The onslaught of media in the social media era has made it ever-more challenging to know what news to trust. The phrase “fake news” has become a part of common parlance as fabricated stories stating false or misleading claims spread misinformation to thousands, even millions, of readers each day.
This has created a major problem for traditional fact-checkers like Snopes or Politifact, which simply cannot keep up with the massive amounts of news stories circulated around the internet.
These fact-checkers have typically operated by debunking or verifying specific claims made by news outlets or prominent individuals. Because information spreads so quickly these days, this method has proven to be ineffective.
A fake news story may be seen by thousands of people before a fact-checker has a chance to correct it. The damage is already done by then.
Now, a team of researchers from MIT’s Computer Science and Artificial Intelligence Lab (CSAIL) and the Qatar Computing Research Institute (QCRI) is offering a new approach.
The researchers have developed a machine learning system that fact-checks not the story but the news source. By analyzing the text of hundreds of articles published by a given news outlet, the system creates a grade for the source based on its accuracy of reporting and bias.
“If a website has published fake news before, there’s a good chance they’ll do it again,” Ramy Baly, a postdoctoral associate at MIT and the lead author on a paper about the system, said in a statement. “By automatically scraping data about these sites, the hope is that our system can help figure out which ones are likely to do it in the first place.”
It is not the first machine learning fact-checking system, but, until now, most of the research has gone into identifying individual stories, rather than the news sources as a whole.
The researchers suggest that their more broad-based approach will be a more cost-effective and efficient tool for both fact-checkers and readers.
“We cannot fact-check every single news story. This is too costly,” said Preslav Nakov, a senior scientist at QCRI and a co-author of the study. “It is much more feasible to check the news outlets. Also, checking a news story takes time, while we can check sources in advance.”
The system uses a variety of information sources to determine a publication’s trustworthiness, Nakov said.
It analyzes the text of a source’s articles. The system looks at the style, subjectivity, sentiment and vocabulary richness, among other characteristics.
More emotional or hyperbolic language tends to be a sign of fake news. Keywords and tone can reveal bias; left-leaning publications focus on moral concepts like care, harm, fairness and reciprocity, while right-leaning publications focus on concepts like loyalty, authority and sanctity.

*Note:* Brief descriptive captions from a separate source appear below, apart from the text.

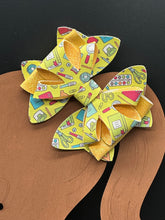 Load image into Gallery viewer, Back to school hairbows
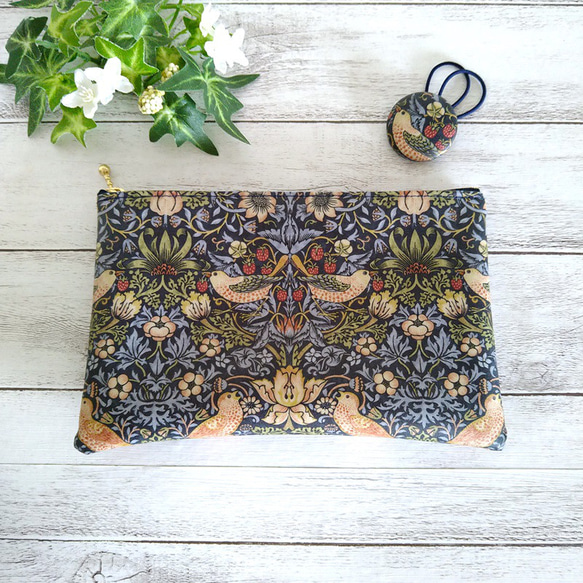 ホビーラホビーレ いちご泥棒 生地 ホビーラホビーレクロスステッチ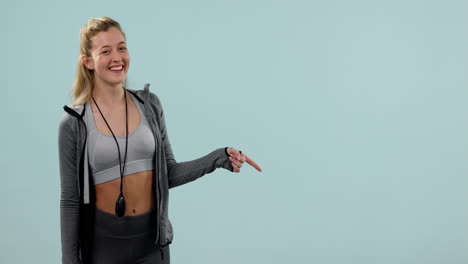 fitness, cara feliz y mujer señalando a la maqueta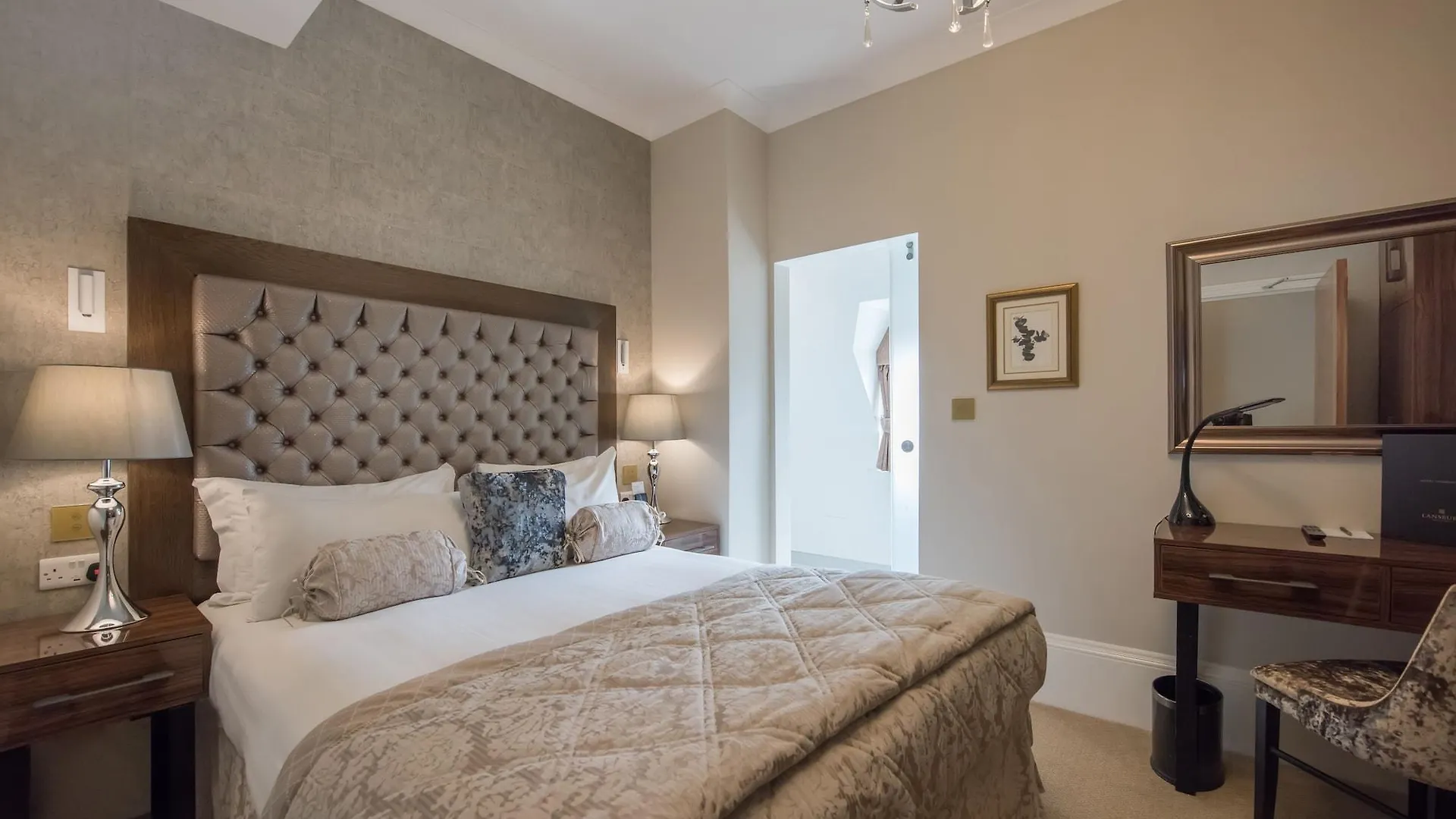 The Lansbury Heritage A Sunday Hotel - Canary Wharf London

It only requires about 150 articles to reliably determine how trustworthy a news source is.
The system also looks at the Wikipedia page of a news outlet. The Wikipedia page is assessed based on length and the substance of the text. It searches for target words and phrases like “extreme” or “conspiracy theory” that can help determine the site’s credibility.
Likewise, the system examines a site’s Twitter presence. If there is an account, it looks at how old the account is, how many followers it has, whether it is verified, what is written in the text, and other notable information.
Lastly, it looks at certain website features such as the URL structure and web traffic statistics.
Each of these features helps to build a complete picture of the website’s bias and credibility.
This information, along with data from Media Bias/Fact Check (MBFC), a fact-checking website run by human fact-checkers who report on the accuracy and bias of over 2,000 news sites, is fed into a machine learning algorithm called a Support Vector Machine (SVM) classifier.
The SVM is programmed to classify news sites by factuality and bias. Using this set of information, it can identify factuality with 65 percent accuracy and determine bias with 70 percent accuracy.
The researchers have already adapted the system to other languages. They have tested left-right bias on 100 news outlets in nine languages: Arabic, Hungarian, Italian, Turkish, Greek, French, German, Danish and Macedonian.
“We have developed a language-independent model for that, which is slightly worse than the English one, but not by much,” said Nakov.
They are also working on adapting the system to determine bias along different ideological spectrums. As of now, it is only capable of determining left-right bias.
Nakov noted that these divisions are not universal.
“There are reversed notions in Eastern Europe, where left is conservative and right is liberal,” he said. “In other parts of the world, other divisions might make more sense, such as religious versus secular in the Arab world. Or maybe pro-West versus anti-West in some countries. Or pro-Russia versus anti-Russia.”
The researchers said that the system is not intended to function as the be-all and end-all of fact-checking. It could be used in conjunction with traditional fact-checking and machine learning systems that focus on article accuracy.
The team is currently developing a fact-checking news aggregator that compiles news stories from various sources and rates them according to factuality, left-right ideology, propaganda and hyper-partisanship.
QCRI also has plans to develop a news aggregator app that exposes users to different points of view by presenting them with a collection of articles that span the political spectrum.
Together with traditional fact-checkers, this system and others like it could help a reader understand a story’s credibility before reading or sharing it.
“It’s interesting to think about new ways to present the news to people,” Nakov said in a statement. “Tools like this could help people give a bit more thought to issues and explore other perspectives that they might not have otherwise considered.”